PUSHING AND SHOVING AS PEOPLE DO


by J.A. Tyler



He is yelling about something that has relatively little to do with pizza. Fucking pepperoni. Fucking crust. Fucking sauce from a can. And she is instead of yelling back drowning garlic with welts of tears that drip miserably down an always unnoticed face. And he tears on with o yea and that's right and you bitch and you shit and you you you that's right that's right that's right. And her melting face continues to drip drop in big leaves to the hollow tiles below.

And there is a fly on the sideboard trying towards the sun. Moving pointedly towards the warmth. Knowing it is winter. Knowing it is cold. Knowing it is on the last legs of something that wasn't even specifically great or otherwise interesting. Simple attempts. Searching out residual heat.

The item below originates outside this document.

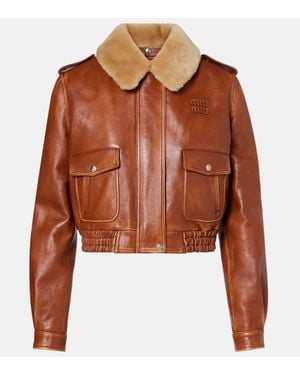 Miu Miu Lederjacke Mit Shearling - Braun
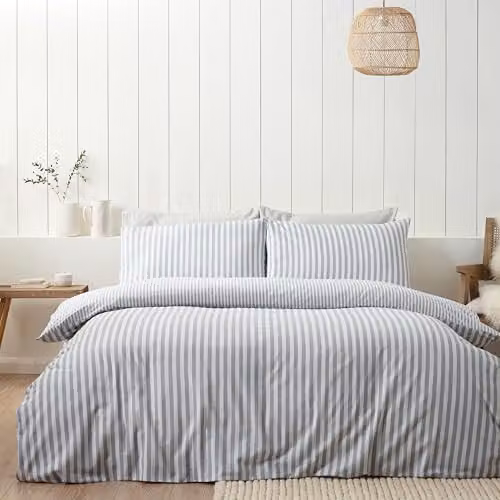 Catherine Lansfield Reversible Brushed Cotton Flannelette Striped Single Duvet Cover and Pillowcase Set in Silver Grey, Duvet Cover: 135 x 200 cm, Pillowcase: 50 x 75 cm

And there's an after mass that isn't even nice or satisfying but is instead still violent and pushing with skin and teeth and mashing nails on other nails both fighting back against one another. There is shoving and the turning of backs. Something perhaps keen about the struggle but on the whole unsatisfying. And sleep shows that it is over and will only continue on again if tomorrow brings the same kind of gray weather and cold.

And the fly is still now on the boards on the side. Never making it to the heat. Never arriving. Always traveling. Like the baby who is on the way. Traveling himself down tubes and through veins. Relatively little to do with anything except maybe nature and the unimaginative way of science and the human body. Pushing and shoving as people do.